Content starts

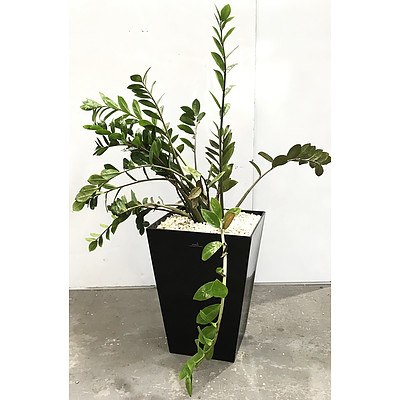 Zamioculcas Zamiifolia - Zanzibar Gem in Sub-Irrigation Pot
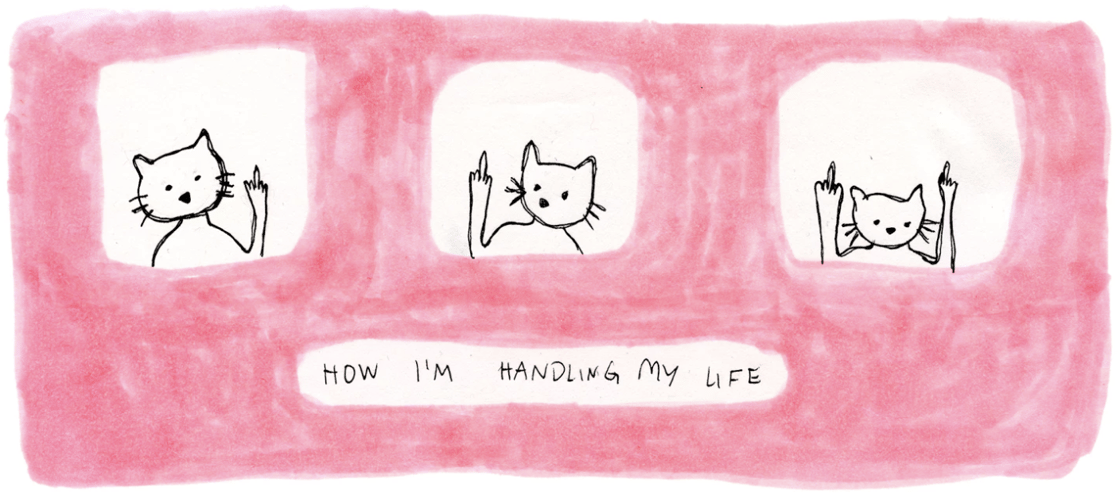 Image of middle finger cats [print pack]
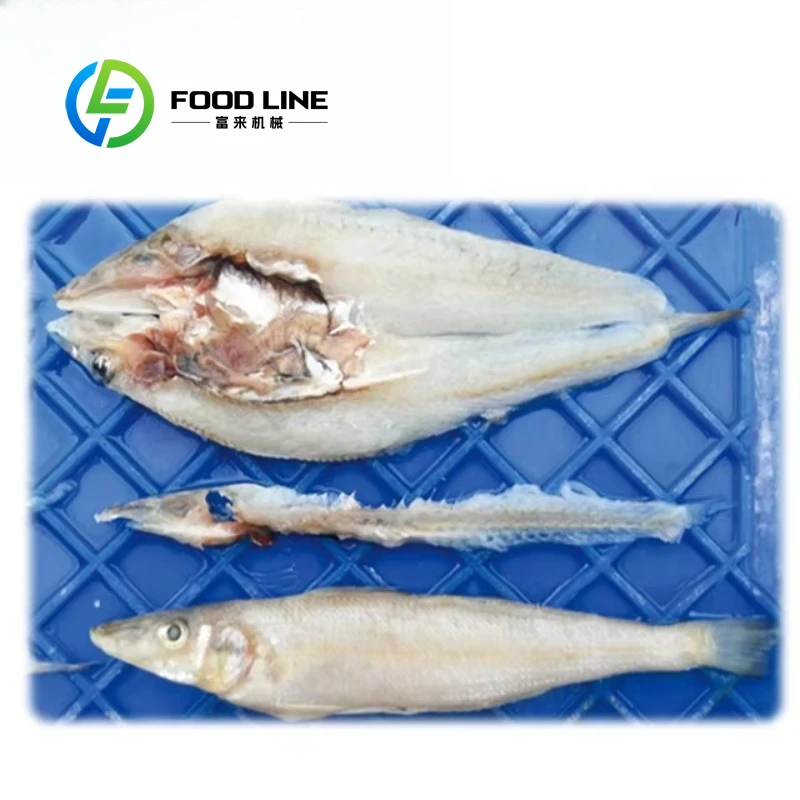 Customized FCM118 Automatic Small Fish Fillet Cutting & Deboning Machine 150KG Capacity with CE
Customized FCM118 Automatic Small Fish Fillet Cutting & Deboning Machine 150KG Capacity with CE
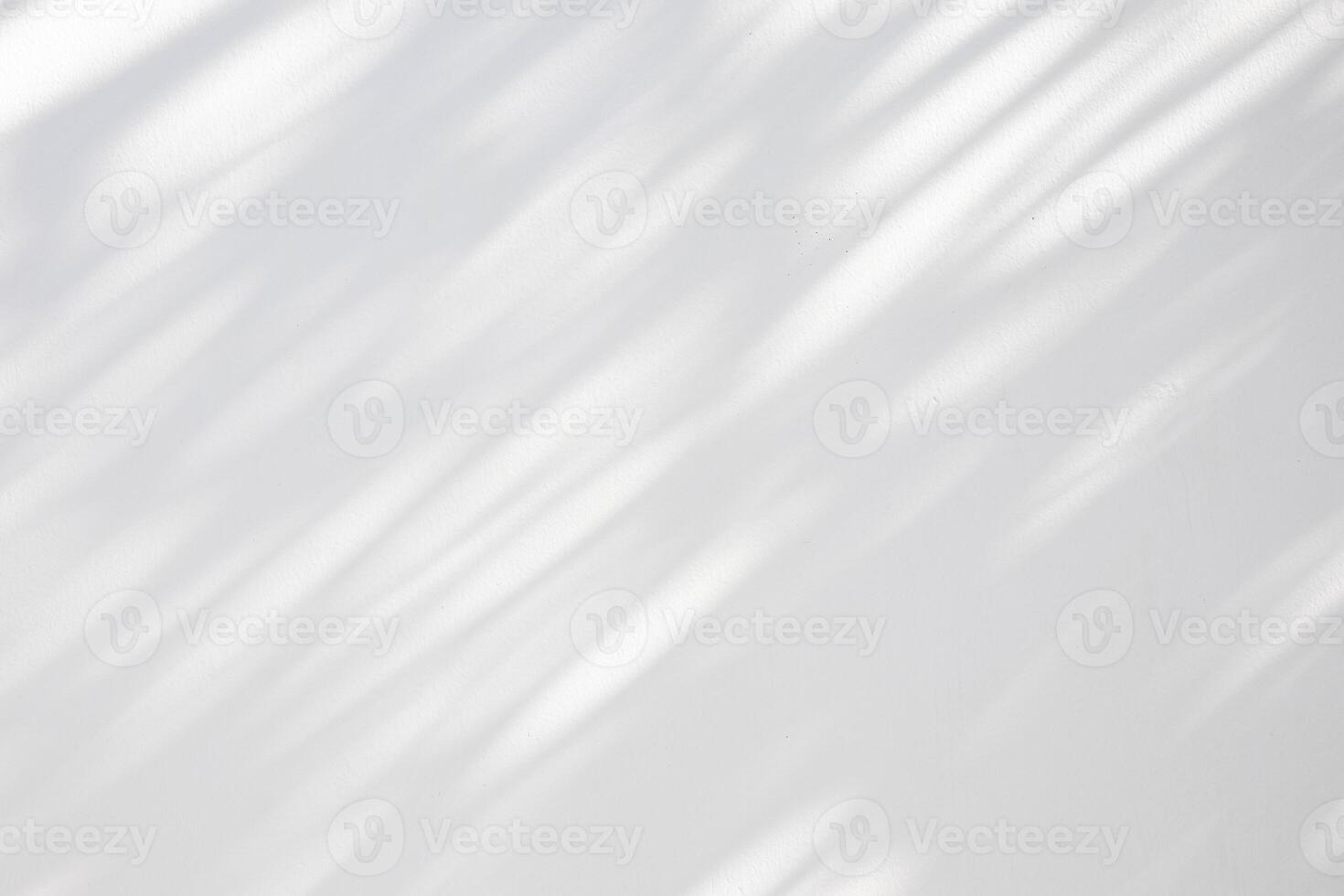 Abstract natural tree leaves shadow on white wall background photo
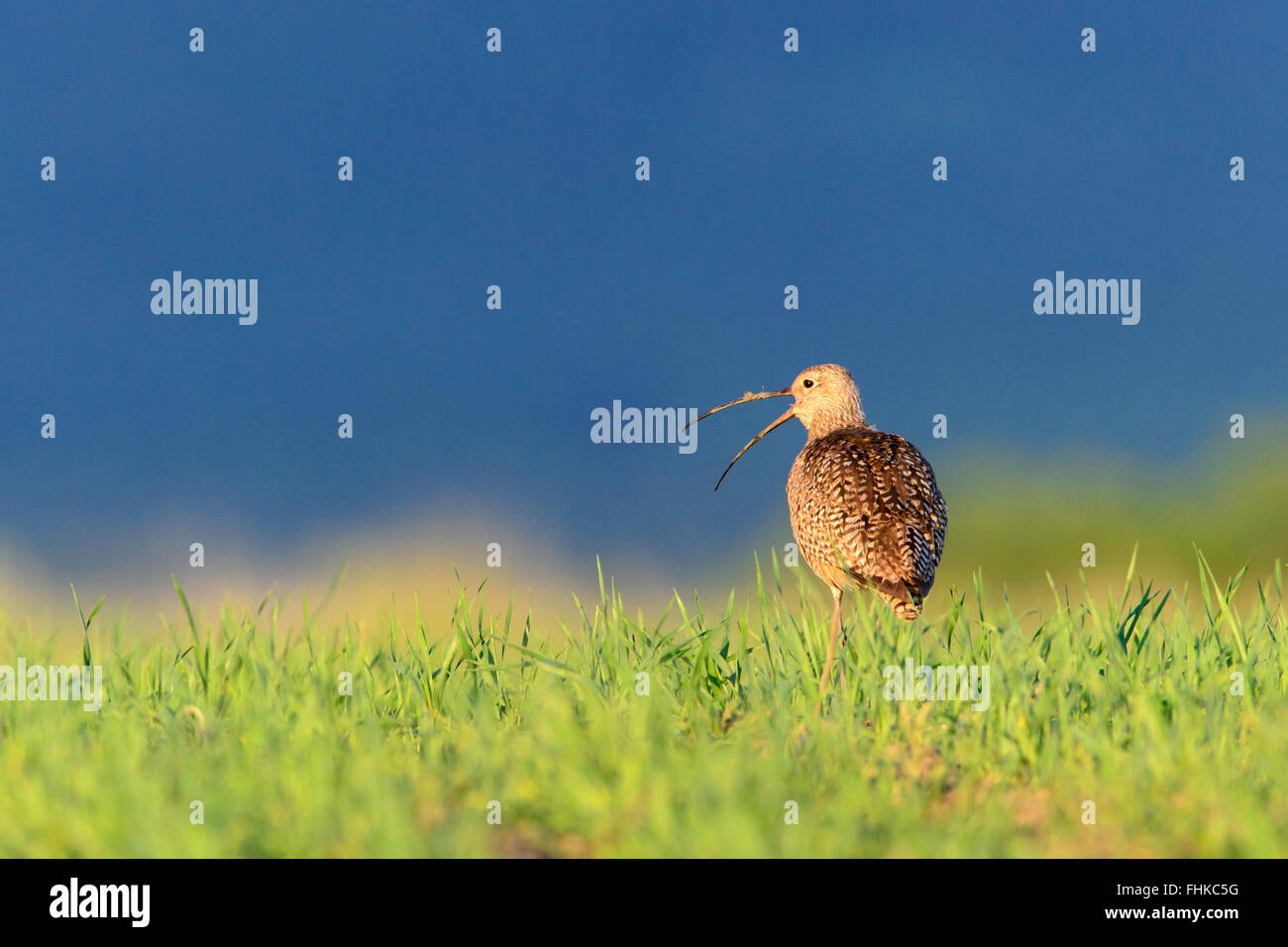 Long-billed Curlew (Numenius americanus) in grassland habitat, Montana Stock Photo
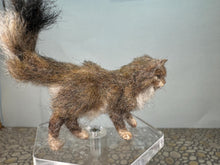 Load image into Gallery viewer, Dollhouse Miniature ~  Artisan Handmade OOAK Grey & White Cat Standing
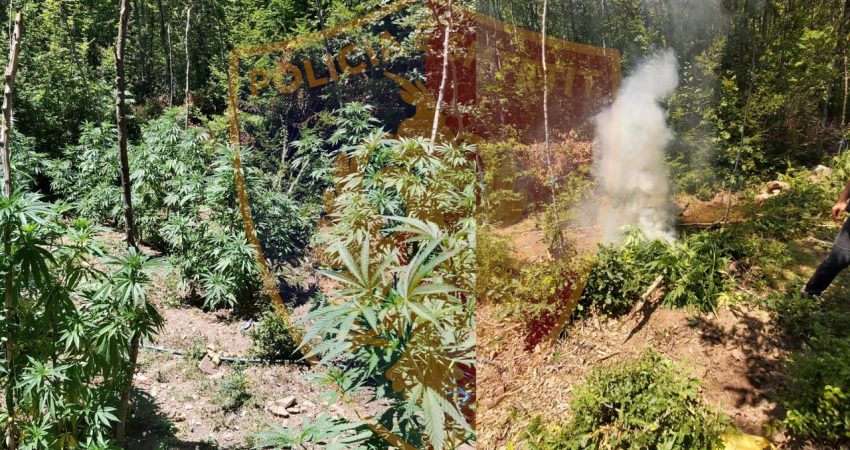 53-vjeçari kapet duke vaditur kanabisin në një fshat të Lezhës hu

Content ends

▶ _Work required_:
Please return only the lines running from the line with "Long-billed Curlew (Numenius" to the final line of the data, both included, exactly and without any pictures.

▶ _Answer to this task_:
 Long-billed Curlew (Numenius americanus) in grassland habitat, Montana Stock Photo
 Load image into Gallery viewer, Dollhouse Miniature ~  Artisan Handmade OOAK Grey & White Cat Standing
 53-vjeçari kapet duke vaditur kanabisin në një fshat të Lezhës hu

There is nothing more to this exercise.